STING Inhibition Ameliorates Neurodegeneration In Vitro and In Vivo (A) Representative bright-field images demonstrate that H-151 (1 μM) prevents the death of iPSC-derived motor neurons from TDP-43-ALS patients 28 days after terminal differentiation (scale bars, 50 μm). (B) Quantification of cell death in (A), as measured by LDH release assay. (C) Prp-TDP-43^Tg/+ mice were injected intraperitoneally (i.p.) with H-151 (210 μg) three times per week for 4 weeks, starting at disease onset at day 110 of age. This treatment significantly diminishes proinflammatory cytokine gene expression in the cortex and spinal cord, as seen by qPCR (n = 3). (D) Neuron loss was imaged by cresyl violet staining of a coronal section (scale bars, 5 mm).
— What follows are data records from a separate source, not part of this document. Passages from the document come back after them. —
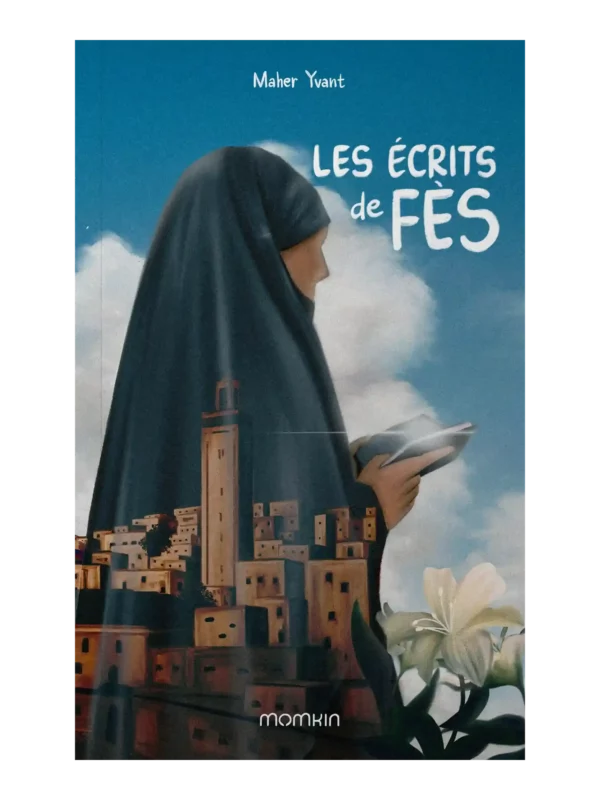 Les écrits de Fès – roman islamique jeunesse Couverture du livre Les écrits de Fès, roman islamique jeunesse à Fès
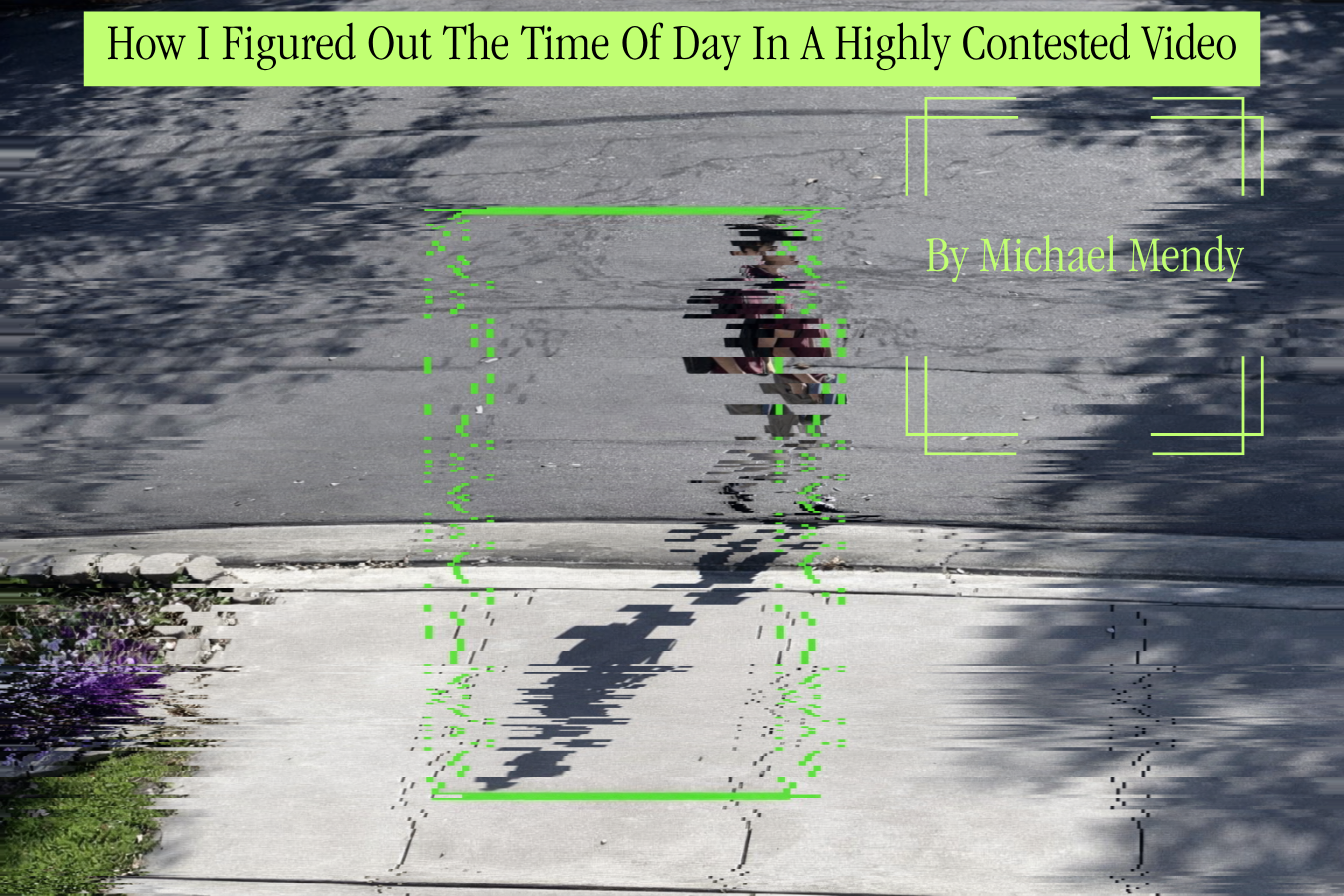 How I Figured Out The Time Of Day In A Highly Contested Video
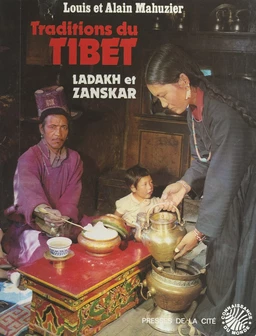 Ladakh, Zanskar : traditions du Tibet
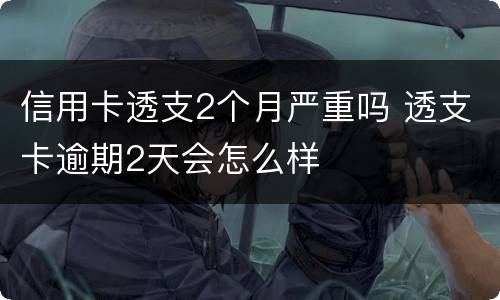 信用卡透支2个月严重吗 透支卡逾期2天会怎么样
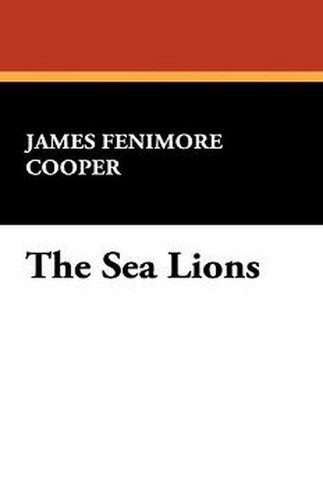 The Sea Lions, by James Fenimore Cooper (Paperback)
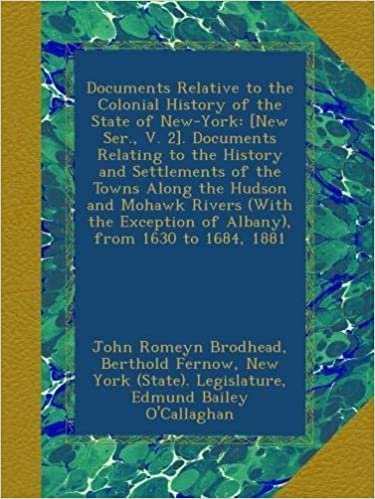 okumak Documents Relative to the Colonial History of the State of New-York: [New Ser., V. 2]. Documents Relating to the History and Settlements of the Towns ... Exception of Albany), from 1630 to 1684, 1881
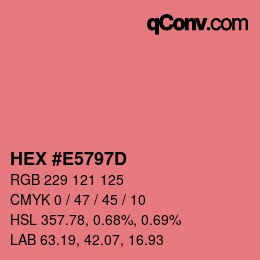 カラーコード: HEX #E5797D | qconv.com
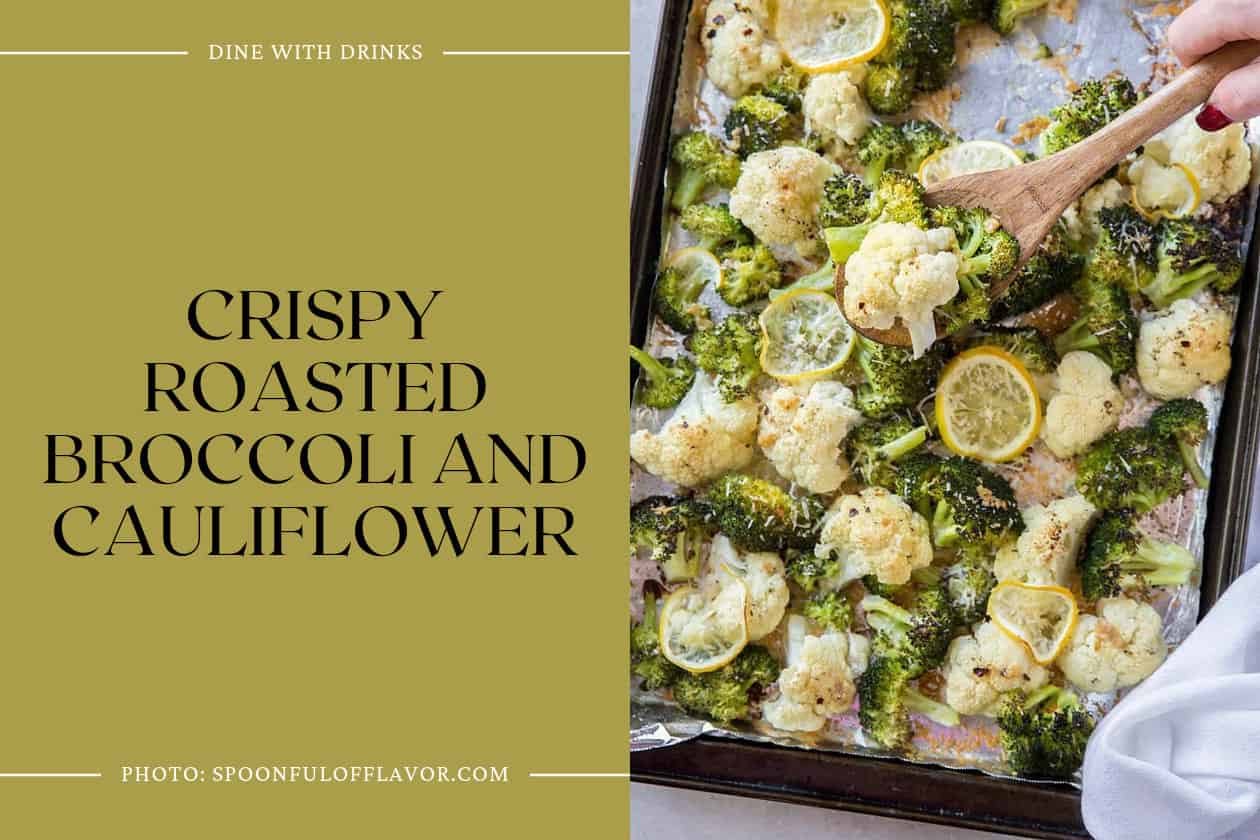 Crispy Roasted Broccoli And Cauliflower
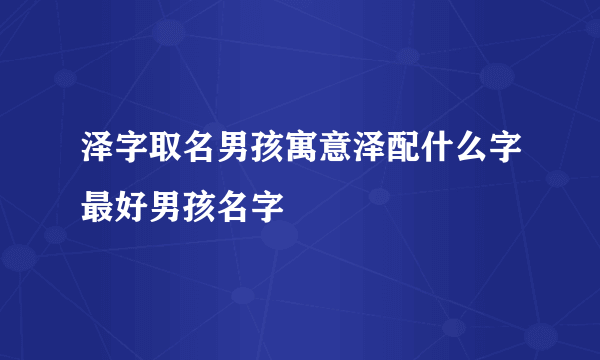 泽字取名男孩寓意泽配什么字最好男孩名字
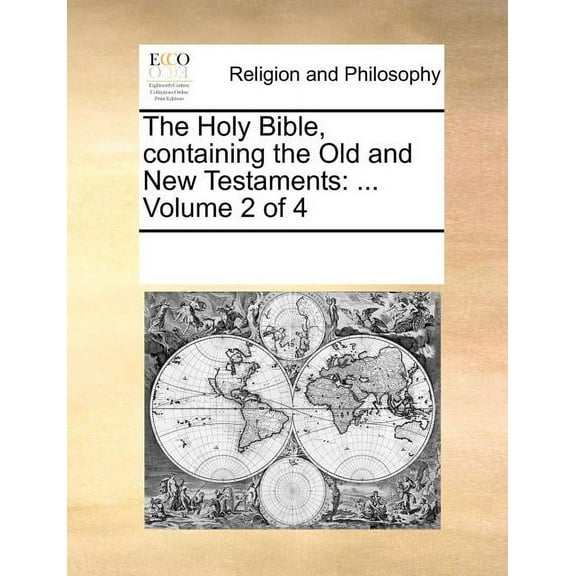 The Holy Bible, Containing the Old and New Testaments : ... Volume 2 of 4 (Paperback)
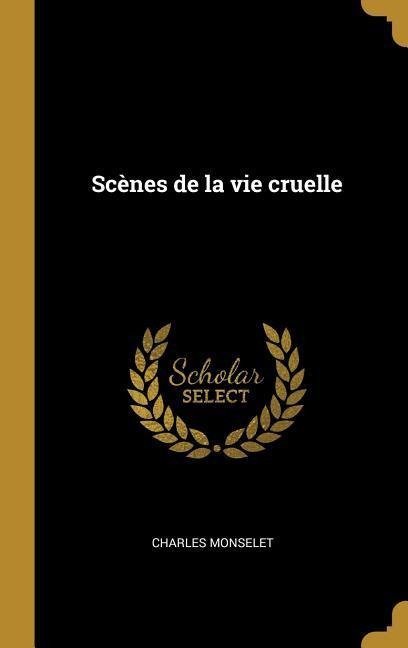 Scènes de la vie cruelle - Charles Monselet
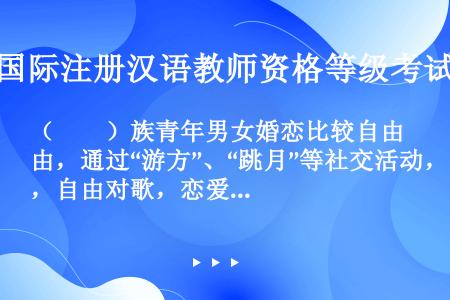 （　　）族青年男女婚恋比较自由，通过“游方”、“跳月”等社交活动，自由对歌，恋爱成婚。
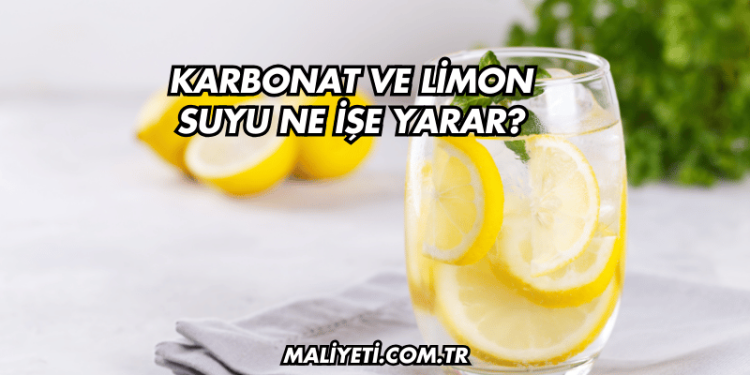 Karbonat ve Limon Suyu Ne İşe Yarar?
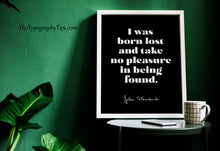 Load image into Gallery viewer, I Was Born Lost John Steinbeck Travel Quote Print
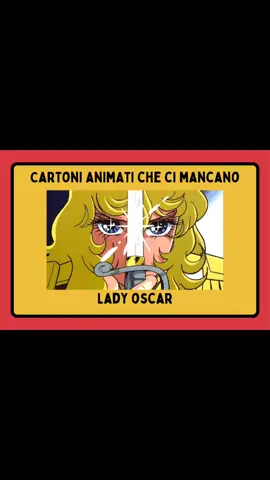 Cartoni animati che ci mancano Parte 10 - Lady Oscar Quanti di voi si ricordano di questo cartone animato? 🔓 #tisbloccounricordo  #cartonianimativecchi #cartonianimatisigle #ladyoscar #vintagememories #cartonianimatichecimancano 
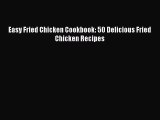 [PDF] Easy Fried Chicken Cookbook: 50 Delicious Fried Chicken Recipes Free PDF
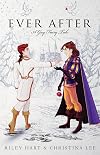 Ever After: A Gay Fairy Tale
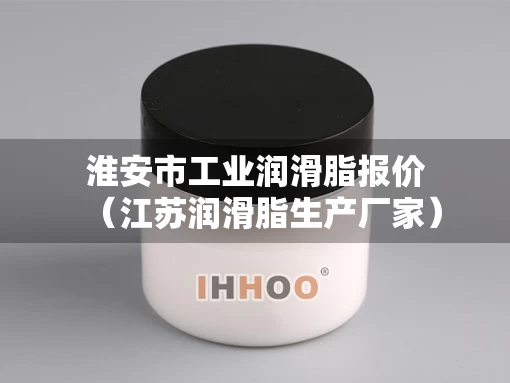 淮安市工业润滑脂报价（江苏润滑脂生产厂家）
A representative image is shown, with selected magnified grayscale images highlighting cortical layer V neurons marked by a brown bar (scale bars, 200 μm). (E) Automated quantification of cortical layer V neurons from (D) (n = 6). (F) H-151-treated mice demonstrated improved performance in the rotarod test compared with DMSO-treated mice (n = 5). All animals studied here were males. Data are mean ± SEM. The p values were calculated using two-way ANOVA in (B) or unpaired t test between two groups in (C), (E), and (F). ^∗p < 0.05, ^∗∗p < 0.01, ^∗∗∗p < 0.001.